##### Records to process

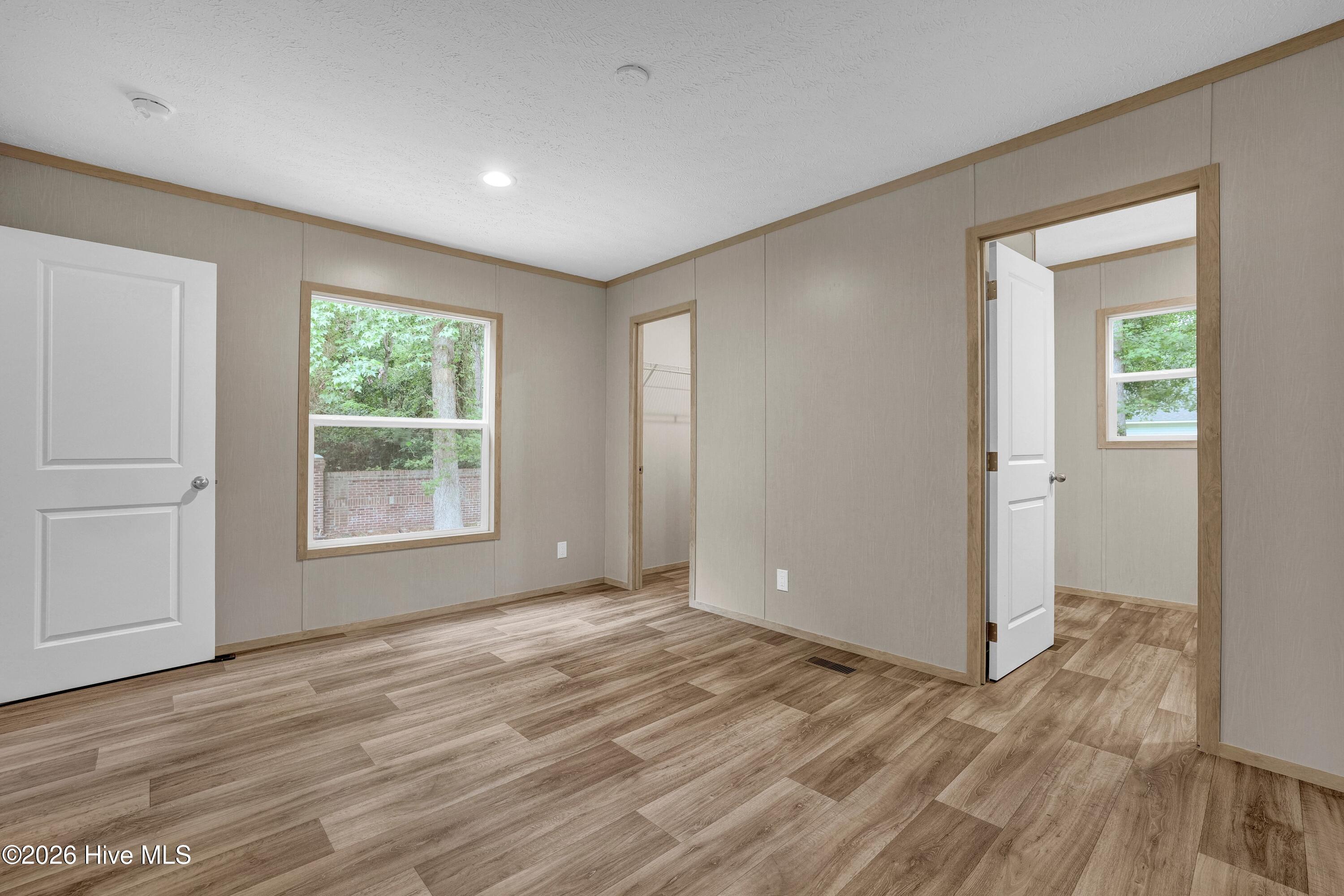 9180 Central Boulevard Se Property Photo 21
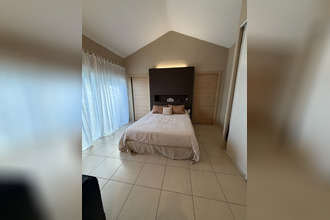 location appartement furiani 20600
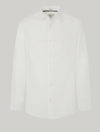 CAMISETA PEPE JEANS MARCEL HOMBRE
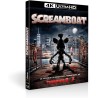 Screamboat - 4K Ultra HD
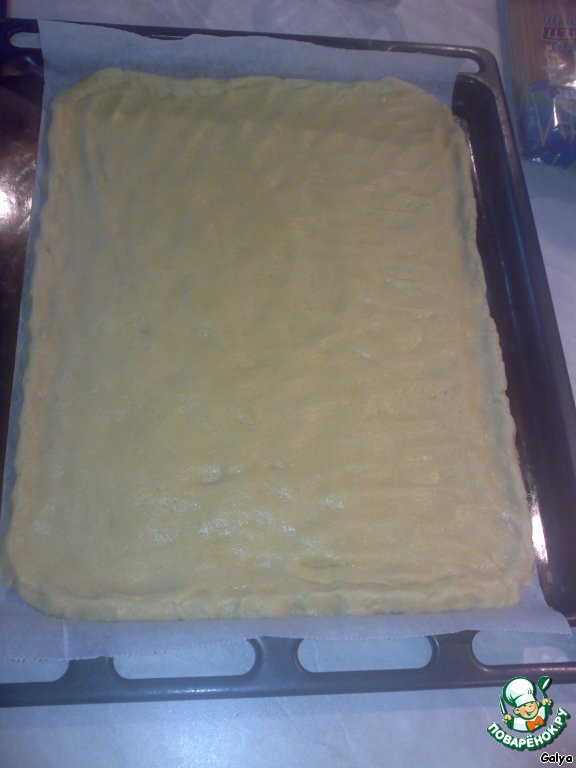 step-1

##########

Problem statement:
Please repeat the records above exactly, leaving every picture out.

Task solution:
 9180 Central Boulevard Se Property Photo 21
 location appartement furiani 20600
 CAMISETA PEPE JEANS MARCEL HOMBRE
 Screamboat - 4K Ultra HD
 step-1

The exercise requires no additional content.